There is something of the photogenic charm of the silent era in the face and presence of Gene Tierney. It is indeed no coincidence that, with a few happy exceptions, such as the exuberant personality that Ernst Lubitsch managed to bring out in her by dint of much criticism, in Heaven Can Wait (1943), she herself deliberately reduced her range of facial expressions, leaving it to the rest of the cast to reveal her power. As comes to the fore in her stunning work for Preminger, Tierney is a magnificent mirror, reflecting men’s tensions, desires and fears. The temptation to read the story of Laura Hunt as a metaphor of the actress’ own life is always strong. A multi-faceted diamond, shaped by the many people through whose hands she passed, Tierney personified the elusiveness which was an essential ingredient in so much classic American cinema, and from the mid-40s—in part because of her troubled private life—she stuck firmly to that keynote. In the end she played her characters with a detachment somewhere between melancholy and fatalism and in the process became very much like a painting, an item that can be purchased but not handled, lest it be damaged.

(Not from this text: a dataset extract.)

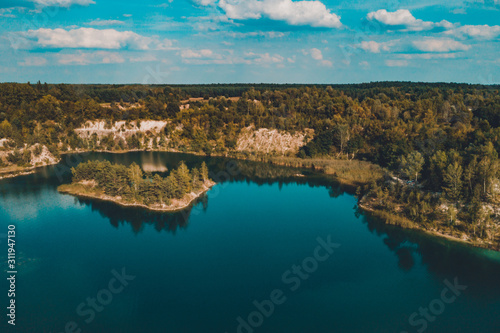 Fantastically beautiful landscape of basalt columns and azure lake in Ukraine.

Gene Tierney does not seem to interpret her roles so much as allow them to resonate within herself, catalyzing a reaction between her elegant, clean-lined features and the dark depths which were taking over her personal life. The lowest common denominator of her romantic affairs, from the future President Kennedy to Aly Khan, was their early failure. It seemed as if something was always predestined to go wrong, echoing the real tragedy which Tierney experienced when her first-born daughter was born with multiple disabilities because of a bout of German measles during pregnancy. By a terrible irony of misplaced fandom, she had probably caught the disease when an admirer broke quarantine, so determined was she to meet her.
The critics may occasionally have been scathing about her acting at the time, but today her presence remains so striking that a single still is enough to convey the magic of her unforgettable face. Her presence was perfectly in tune with her way of being on set, with that stunned gaze, apparently taken by surprise and seemingly reaching out towards whoever is speaking. Today Tierney can be seen as one of the actresses who were both created and condemned by Hollywood, as if the system required that such remarkable beauty deserved an equally singular punishment to even things up: the way in which she gives life to her characters, never at the centre of attention even when they have the main part, merely accentuates the fascination they exert. A female role model which no longer exists today.